• _Required action_: Word for word, set down every line of the entries below from the line with "In this video, we're" to the line with "Before we move", including both, and no other line.

• _Dataset content_:
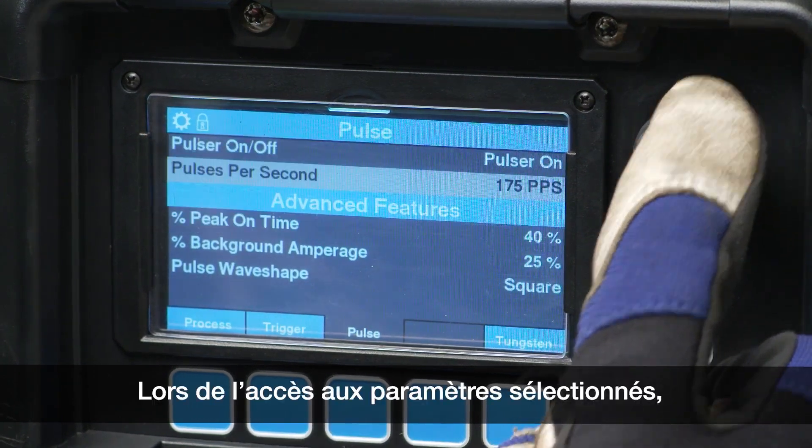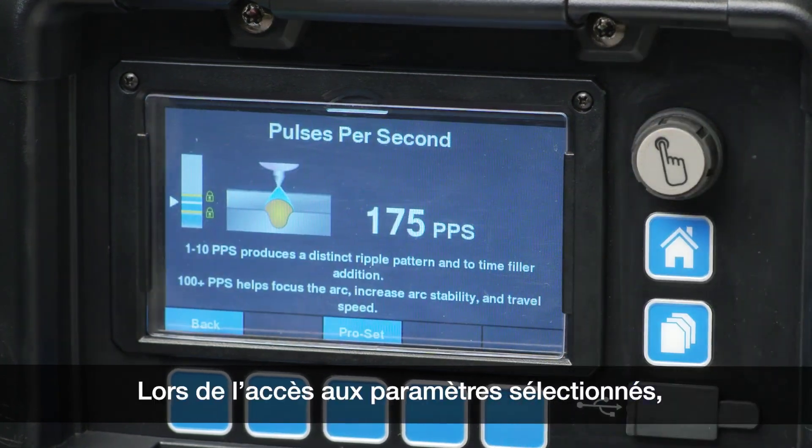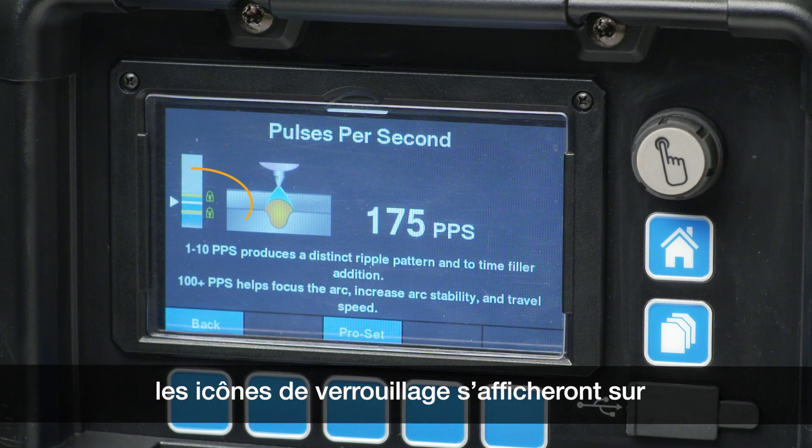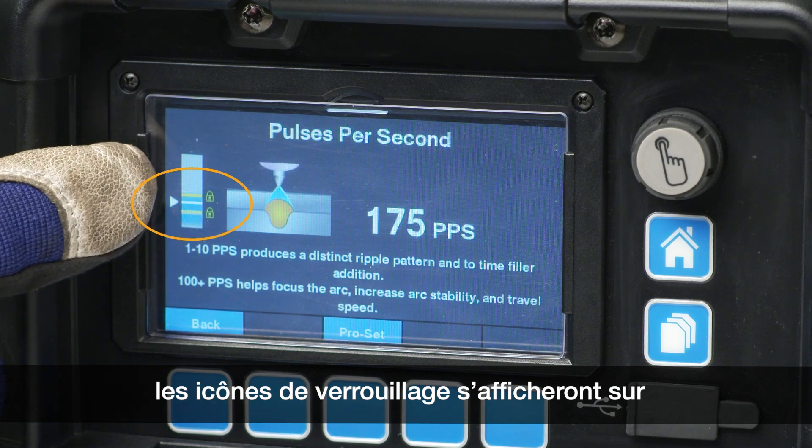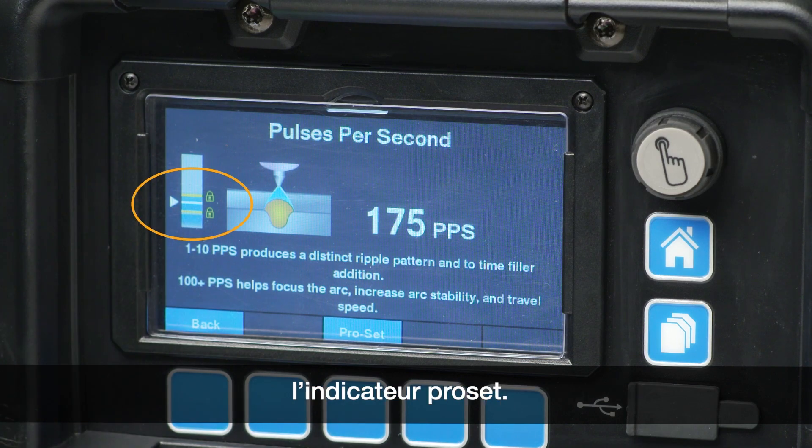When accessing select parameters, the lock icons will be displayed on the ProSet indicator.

...

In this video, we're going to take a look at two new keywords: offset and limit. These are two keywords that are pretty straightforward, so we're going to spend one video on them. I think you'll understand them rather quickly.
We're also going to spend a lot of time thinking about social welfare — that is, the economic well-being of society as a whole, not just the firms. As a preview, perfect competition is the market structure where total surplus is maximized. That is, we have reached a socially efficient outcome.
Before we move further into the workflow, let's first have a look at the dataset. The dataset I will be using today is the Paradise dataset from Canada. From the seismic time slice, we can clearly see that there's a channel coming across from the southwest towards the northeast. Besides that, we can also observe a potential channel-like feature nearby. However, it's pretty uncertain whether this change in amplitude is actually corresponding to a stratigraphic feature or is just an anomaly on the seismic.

• _Answer box_:
In this video, we're going to take a look at two new keywords: offset and limit. These are two keywords that are pretty straightforward, so we're going to spend one video on them. I think you'll understand them rather quickly.
We're also going to spend a lot of time thinking about social welfare — that is, the economic well-being of society as a whole, not just the firms. As a preview, perfect competition is the market structure where total surplus is maximized. That is, we have reached a socially efficient outcome.
Before we move further into the workflow, let's first have a look at the dataset. The dataset I will be using today is the Paradise dataset from Canada. From the seismic time slice, we can clearly see that there's a channel coming across from the southwest towards the northeast. Besides that, we can also observe a potential channel-like feature nearby. However, it's pretty uncertain whether this change in amplitude is actually corresponding to a stratigraphic feature or is just an anomaly on the seismic.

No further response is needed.